If we accept that the optima for these NK-landscapes have essentially reached a minimum when K > 6, then we can examine how this minimum vanes with N by examining only the optima at K = N − 1. Figure 3 presents the average global optima for 30 random problems at K = N − 1 for the range 10 ≤ N ≤ 25. The values of N are shown on the X-axis. And a linear regression line, with a general downward trend3 and a correlation coefficient of 0.91, has been inserted. This observation is consistent with the Smith and Smith [12] finding of a correlation between N and best average fitnesses in NK-landscapes.

f03-03-9781558607347
Figure 3 Average global optima for 30 random NK-landscapes when K = N − 1 for 10 ≤ N ≤ 25. Error bars represent 2 * SEM.

4 NK NICHES

Comparing algorithm performances on NK-landscape functions where the optima are known, although useful, limits us to small N problems where exhaustive search is still practical. One of the contributions of Heckendorn, et al. [7] was that they made their comparisons for N = 100, a much larger value of N than used in most other studies. As a starting point for extending the comparisons made by Heckendorn, et al. for larger N problems, we performed independent verification experiments. We tested CHC using the HUX and 2X recombination operators, as well as RBC, RBC + and random search on NK-landscapes where N = 100, generating thirty random problems for each value of K tested.4 We tested all values for K in the range 0 ≤ K ≤ 20, values in increments of 5 for the range 25 ≤ K ≤ 95, and K = 99. The total number of trials allowed for each experiment was 200,000. Figure 4 shows the results of our verification experiments and the behavior of random search. Figure 4 exhibits the same properties as those observed by Heckendorn, et al., and shown in Figure 1.

f03-04-9781558607347
Figure 4 Average best performances of CHC-HUX, RBC +, random search, and CHC-2X on 30 random NK-landscape problems where N = 100. Error bars represent 2 * SEM.

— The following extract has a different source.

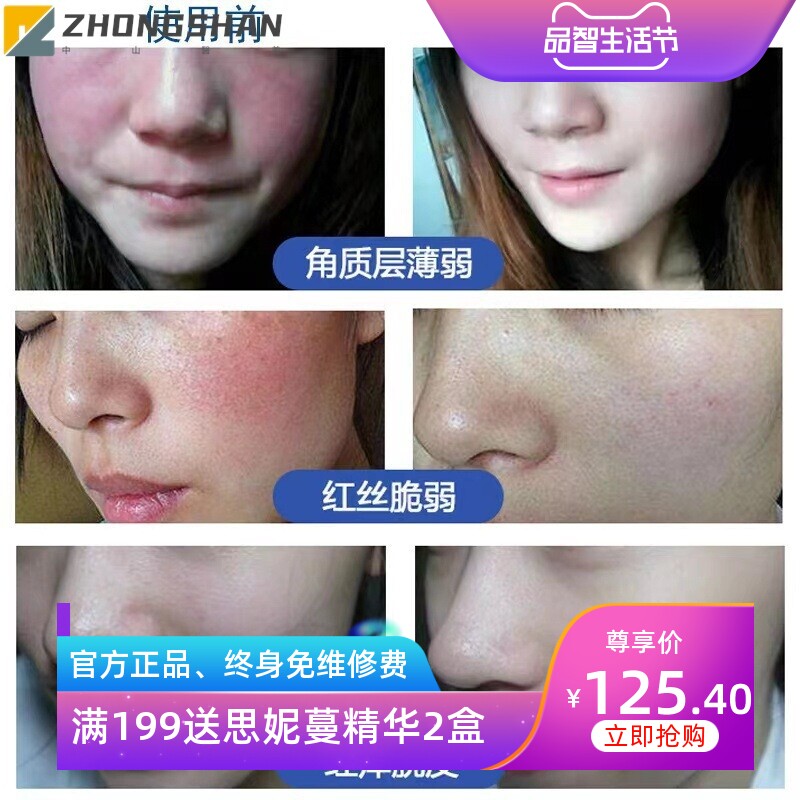 激素脸修护精华液快速退红修护屏障精华液喷雾晒后术后泛红修复液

Figure 4 shows that when N = 100, the performance of each of the algorithms becomes indistinguishable from random search at some point. CHC-HUX is the first to do so (at K = 20). Figure 4 also shows that CHC-HUX performs better than RBC + in the region 1 ≤ K ≤ 7 but the performance of CHC-HUX is better than RBC + by more than two standard errors only in the region 4 ≤ K ≤ 7.5 Furthermore, it is interesting to note that the N = 100 problems axe surprisingly difficult even for low values of K. For example, none of the algorithms tested can consistently locate the same best solution in 30 repetitions of the same problem for most of the K = 2 problems generated.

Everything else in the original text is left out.